Monday, April 2, 2012

LTE Vrs WiMAX

Packet One Networks in Malaysia, one of the pioneer WiMAX operators, says it intends to migrate to LTE TDD by the year-end, reports Light Reading.

According to The Star newspaper, P1 currently has more than 280,000 users, but now intends to migrate to LTE TDD once technologies are more mature.

Light Reading observes that P-1′s investor partner, SK Telecom, is also testing LTE TDD with China Mobile. China and India are big proponents of the spectrum-efficient TD-LTE approach which doesn’t require paired channels. Their testing found TD-LTE performance delivered average cell throughput (10MHz system bandwidth) of 14.6Mbps downstream (spectral efficiency: 2.69bps/Hz), while uplink average cell throughput is 6.2Mbps (spectral efficiency: 1.55bps/Hz), both meeting NGMN (Next Generation Mobile Networks) requirements.

Other WiMAX operators, including Yota in Russia plan to migrate to LTE, while broadband license-holders in India are also opting for LTE TDD deployments instead of WiMax.

NTT Docomo launched commercial LTE service in Japan last December. Docomo’s LTE service will cover Tokyo, parts of Osaka, Nagoya and a handful of other areas near these cities. It is initially limited to only major cities. The Japanese mobile operator was the world’s first to launch a 3G network, back in 2001. TeliaSonera in Sweden, was the world’s first to launch LTE, in December of 2009.

India’s top mobile firm, Bharti Airtel, No. 2 Reliance Communications, Vodafone, Tata Teleservices, and Idea Cellular spent a combined $23 billion for licenses in recent 3G and 4G spectrum auctions (auction results) in the world’s fastest-growing cellular market. Qualcomm won 2.3GHz spectrum (20 MHz) in four telecom circles of India in the recently held BWA spectrum auctions and plans to go with TD-LTE.

TD-LTE gained credence once China Mobile, the world’s largest wireless operator, said it planned to deploy TD-LTE across its network. China currently has over 720 million mobile cellular subscribers, more than twice as many as the United States.

China Mobile, the largest mobile operator in the world , is reportedly planning metro TD-LTE trials in up to six cities; Beijing, Shanghai, Guangzhou, Nanjing, Shenzhen and Xiamen. Various reports suggest the world’s largest operator has deployed 3,000 base stations and is waiting for approval by the Ministry of Industry and Information Technology (MIIT).

It looks like a wrap.

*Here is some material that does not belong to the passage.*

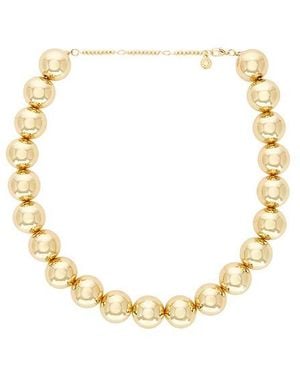 BaubleBar Jane Beaded Necklace - Metallic
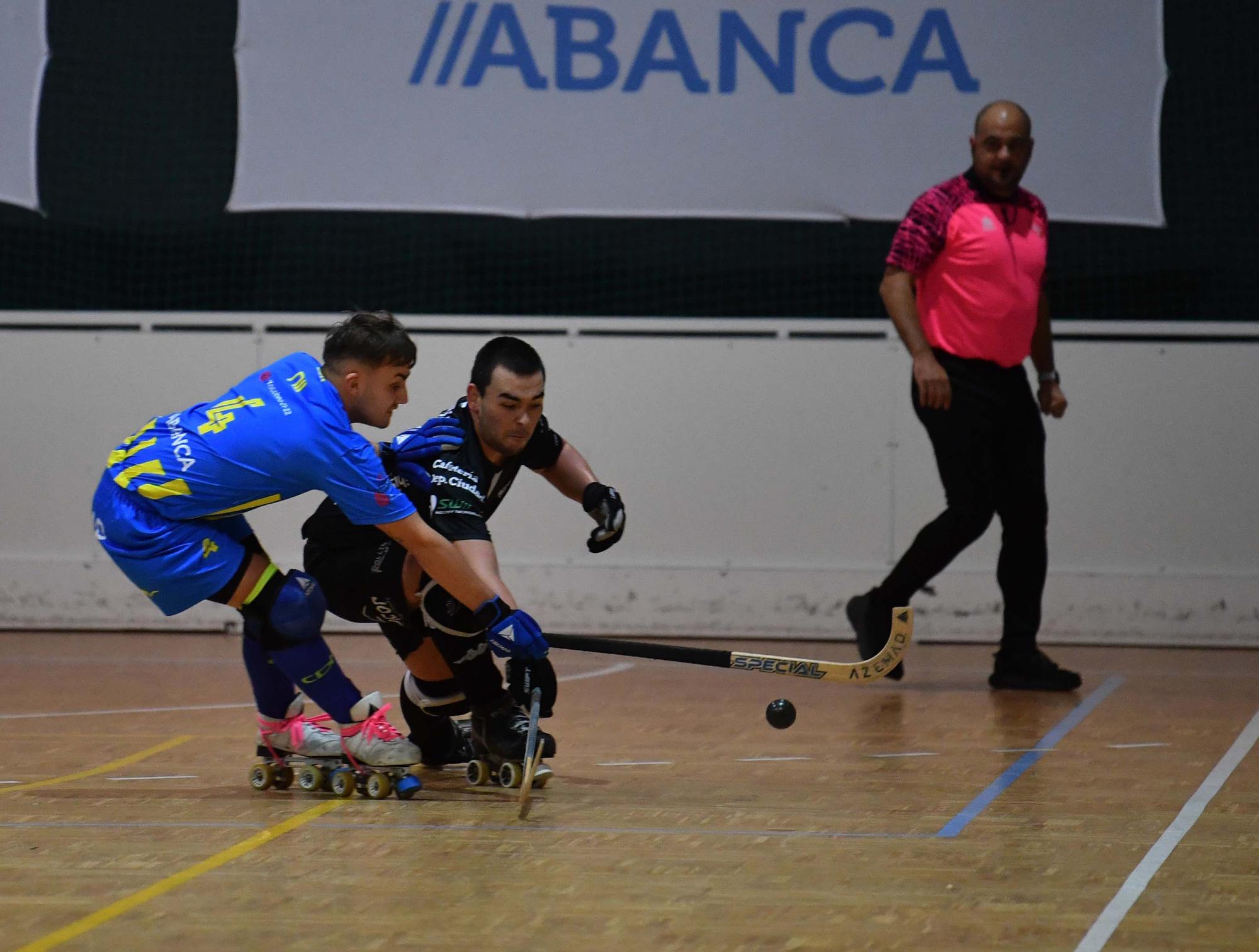 0-2 | Dominicos golpea al principio y al final al Compañía de María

No party at the WiMAX Forum is likely.

Proponents say WiMAX delivers real benefits in cost/effectiveness. It’s a greenfield solution, free from carrier control, spectrum restrictions and onerous patent overhead. My WiMAX service from Clearwire in Portland over the past year has been great. It’s not perfect, but it provides me with my sole source of broadband — both at home and mobile — for only $40/month. It’s a pretty good deal.